Updated: Jun 13, 2022
When you decide to start your aquatic farming journey, you may encounter a lot of terminology that you are unfamiliar with. Even if you have prior experience with freshwater aquariums, much of the equipment needed for a saltwater system is different. A protein skimmer is an excellent example. In this post, we'll look at one of the new skimmers that were recently installed in the holding tank. It's a new upgrade, and we'll go over what a skimmer is, why we install it, and where we install it in holding tank systems.
Why do we require a protein skimmer?
Holding tank area at 4:25
So we use this small holding tank system to receive incoming crabs from bulk purchases. That is, we buy in about 100 kilos or 200 kilos each time, and each time we see an increase in ammonia spike.

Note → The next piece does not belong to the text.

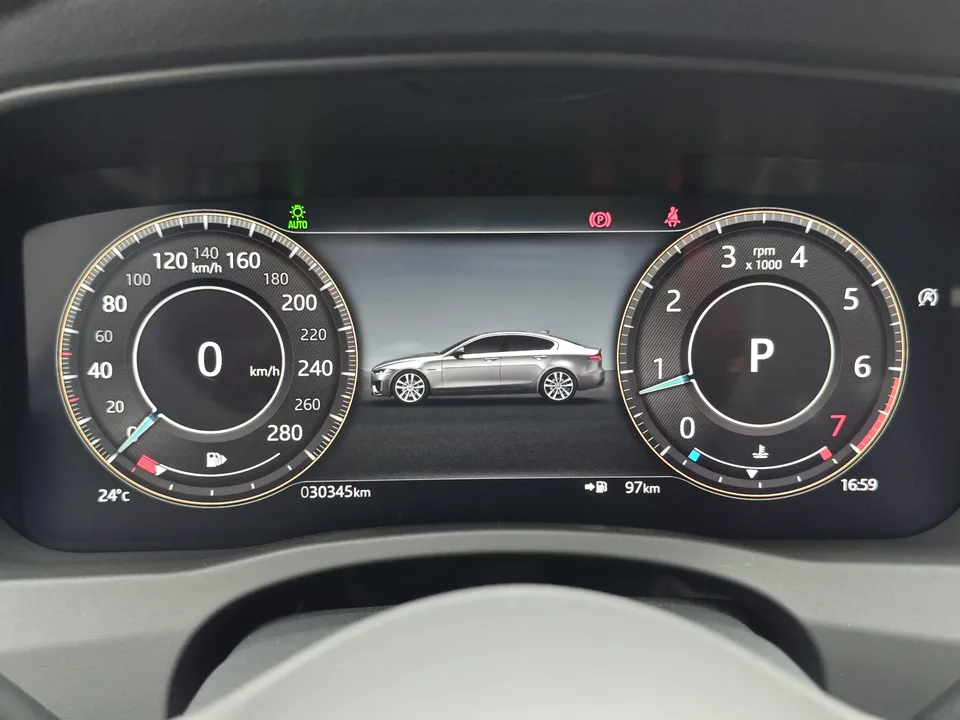 Jaguar XEL 2.0T 250PS Black Sports Edition 2022 — миниатюра 4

According to the data, on the 30th of March and when we had incoming crabs on the 1st of April, the ammonia level spiked to 2 ppm and gradually decreased to 0.5 ppm over the next few days. This is because no rough system is designed to operate at full capacity all of the time, and when there are large influxes of crabs, ammonia levels will temporarily rise. These temporary ammonia spikes could result in sudden death in some of the newer crabs that have just arrived from a long distance supply chain.
What is a protein skimmer?
Skimmers, unlike other types of conventional filtration, do not use mechanical methods to filter out contaminants. Instead, it uses air bubbles to force dirt onto the air bubbles, where it is removed by adhering to the air bubbles and foaming out.
All of the scum and sludge that is being filtered out of the water is pushed out by the air bubbles. The diameter of the air bubbles determines the efficiency of the skimmers. If the air bubbles are smaller, more waste is attached to the surface areas of the air molecules and is pushed up over time.
The protein skimmer does not replace any of the other filtration systems that are available. It is actually a stand-alone bonus or complementary system. We actually attached this protein skimmer after the biofiltration systems, and it is powered by a small pump that pumps the water into the skimmer, and the skimmer treats it before reintroducing it back into the tank, along with the K1. The reason for incorporating the skimmer at this point is that we previously discovered that a lot of fine solids will tend to accumulate in the retention tank despite already having a small size sand filtration and biofiltration or any smaller debris that has actually existed in the water that may not be efficiently removed by the sand filtration.
The skimmer after a few days of installation; notice how the debris is accumulating on the top part. You can see the water quality before we started installing the skimmer and a comparison after the skimmer was installed. You can see that we can see the bottom much better now, and there is a high loading capacity for introducing off crabs into the holding tanks.
Eventually, a protein skimmer is required to keep the water in your tank clean. However, some farmers and aquaculturists remain sceptical of its utility and may prefer not to use it on their farm. It is certainly acceptable not to use skimmer in the farm as long as we can keep the water clean for the aquatic animals, but they would eventually end up with a protein skimmer for the benefits it provides.